编织巢的形态,可说多姿多彩。我们易于见到的杯状巢、碗状巢、盘状巢及瓶状巢,是其中主要的几种。营哪种巢型,与鸟的科属有关。但我愿意相信,它取决于鸟类个体的偏爱与审美因素。因此,这里无规律可循。
杯状巢是多数营巢鸟喜爱的一种巢型,像我们熟悉的伯劳、卷尾、柳莺、寿带等夏候鸟,都营此型巢。太平鸟、灰山椒鸟、乌鸫及北红尾鸲等,营碗状巢。树鹨和灰喜鹊的巢很浅,呈盘状。攀雀和棕扇尾莺的巢收口,巢体似瓶。文鸟、黄眉柳莺和“告春鸟”短翅树莺,能够营造顶部具盖、侧面开门的球状巢。更为精巧和高超的,是黄鹂和绣眼鸟的吊篮式悬巢。南方有一种富于传奇色彩的小鸟,会将芭蕉或其他大型树叶卷合,然后在叶缘穿孔,贯以丝线,缝成袋状巢。这种天才的小鸟,鸟类学家叫它“缝叶莺”。
真正和我们的生活密不可分,在我们的视域内最为显著的鸟巢,实际是喜鹊粗糙的球状巢。这种“仰鸣则晴,俯鸣则雨,人闻其声则喜”(《禽经》)的民间吉祥鸟,同淳朴的麻雀一道,终年祥和地围绕着我们。特别是在空旷的冬天,它们的巢很像一座座村庄,醒目地坐落在原野高大的树上(每巢都有一定巢距的巢区。个别也有一树双巢现象。在北京的沙河附近,我曾见过一树四巢)。每次看到这些高耸的星罗棋布的“家”,我都很动情,我觉得这是一种世间温暖与平安的象征,是这个季节比雪与太阳升落更优美的景色。

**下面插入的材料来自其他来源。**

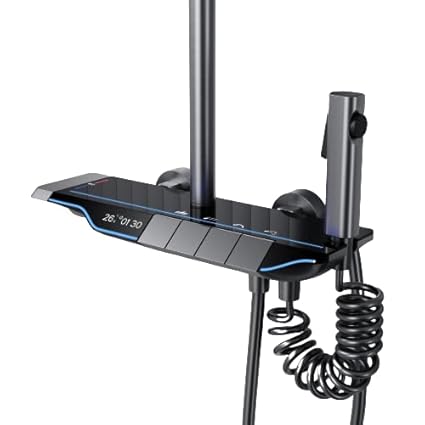 07_Deluxe Shower System with Digital Display and Unique Button Design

在神造的东西日渐减少、人造的东西日渐增添的今天,在蔑视一切的经济的巨大步伐下,鸟巢与土地、植被、大气、水,有着同一莫测的命运。在过去短暂的一二十年间,每个关注自然和熟知乡村的人,都已亲身感受或目睹了它们前所未有的沧海桑田性的变迁。